DATASET CONTENT:
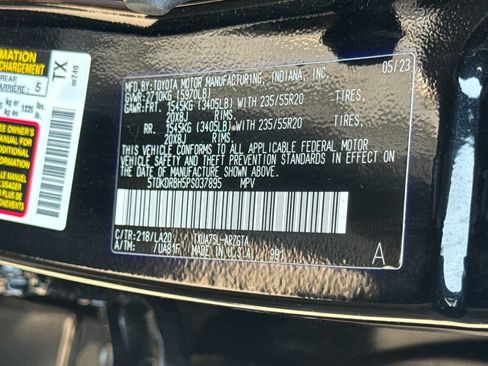 Used 2023 Toyota Highlander Platinum AWD/4WD image 48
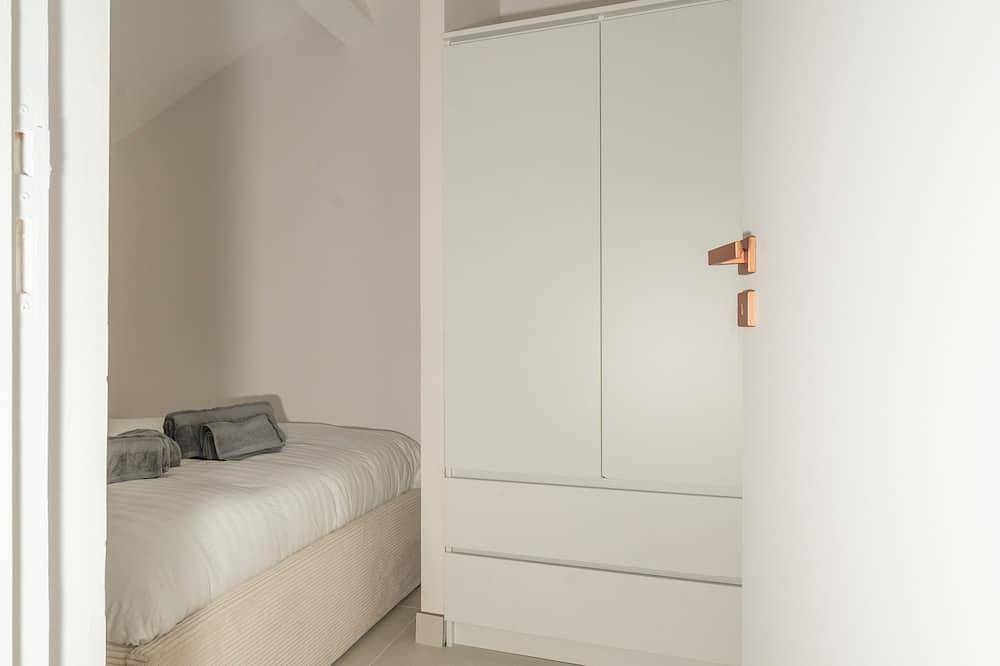Entire apartment, Renovated duplex with sea view on the outskirts of Monaco in Cap-d'Ail, Nice region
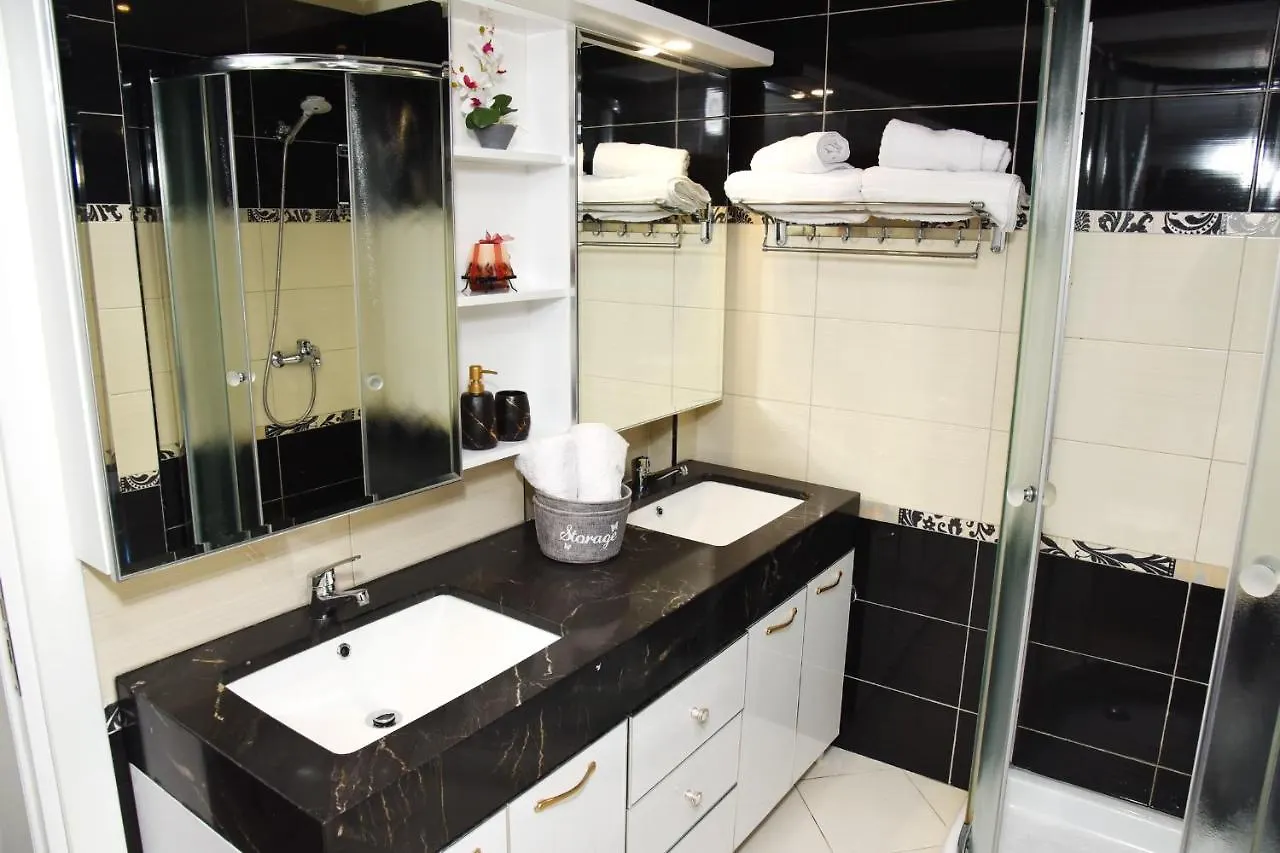 New Luxury Apartment By The Lake Tirana M&J Apartments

BRIEF: Repeat the data word for word. Skip the pictures.

RESPONSE TO THE EXERCISE:
 Used 2023 Toyota Highlander Platinum AWD/4WD image 48
Entire apartment, Renovated duplex with sea view on the outskirts of Monaco in Cap-d'Ail, Nice region
 New Luxury Apartment By The Lake Tirana M&J Apartments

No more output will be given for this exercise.